Journal of Athletic Training, 49(4):186-492

Abstract:

CONTEXT: The Lystedt law requires high school athletes who have sustained a concussion to be removed from practice and play and not to be allowed to return until cleared by a medical professional.
OBJECTIVE: To determine the effect of the Lystedt law on injury and concussion documentation in the Seattle public high schools.
DESIGN: Cross-sectional study.
SETTING: Seattle public high schools.
PATIENTS OR OTHER PARTICIPANTS: The numbers of students, aged 13 to 19 years in the 2008-2009, 2009-2010, and 2010-2011 school years, were 4348, 4925, and 4806, respectively.

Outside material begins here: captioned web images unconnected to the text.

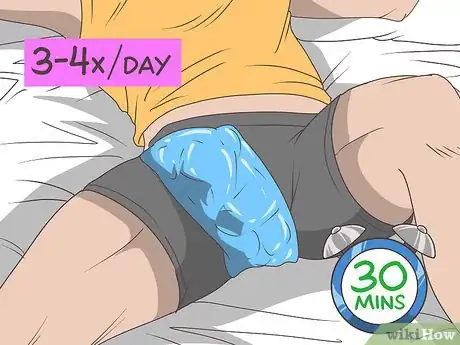 Imagen titulada Wrap a Groin Injury Step 13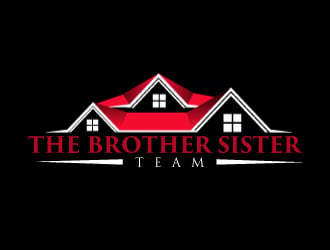 The Brother Sister Team logo design by AamirKhan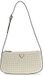 GUESS Kora Sac porté épaule Crème Blanc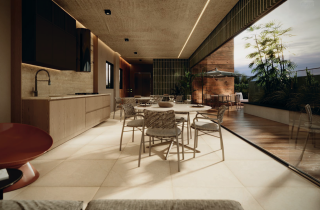 Studio Tipo | Alameda Anselmo Beach | 27,91m² | Praia de Campas | em Construção | Lazer na Cobertura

MAIN OUTCOME MEASURE(S): All injuries documented in SportsWare by athletic trainers in Seattle public high schools. We evaluated all injuries, including concussions recorded during the 2008-2009 school year, before the Lystedt law, and during the 2 school years after the law took effect (2009-2010 and 2010-2011). Incidence rates before and after the law were estimated and compared.

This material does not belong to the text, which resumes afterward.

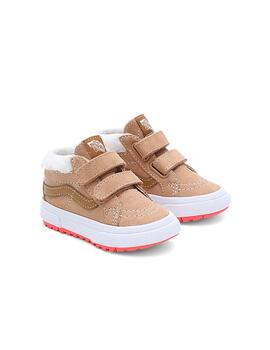Zapatilla Baby Vans Sk8-Mid MTE-1 Marrón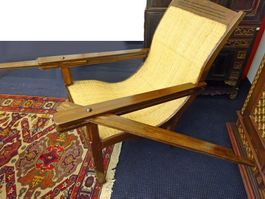 Antiker "Planter's Chair" Relaxmöbel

RESULTS: The concussion rate was -1.09% in 2008-2009, 2.26% in 2009-2010, and 2.26% in 2010-2011. A comparison of relative risks showed that the incidence rates of concussions were different before and 1 year after the Lystedt law (relative risk = 2.10; 95% confidence interval [CI] = 1.50, 2.93) and 2 years after the law (relative risk = 2.10; 95% CI = 1.49, 2.93). Overall, the mean number of days out of play after 2008-2009 was almost 7 days greater after the law took effect (difference = 6.9 days; 95% CI = 0.70, 13.1). For females, the mean number of days out of play after 2008-2009 was more than 17 days in 2009-2010 (difference = 17.2 days; 95% CI = 4.81, 29.5) and was more than 6 days in 2010-2011 (difference = 6.3 days; 95% CI = 1.62, 11.0).
CONCLUSIONS: The number of documented concussions more than doubled after the institution of the Lystedt law, which may be attributed to heightened awareness and closer monitoring.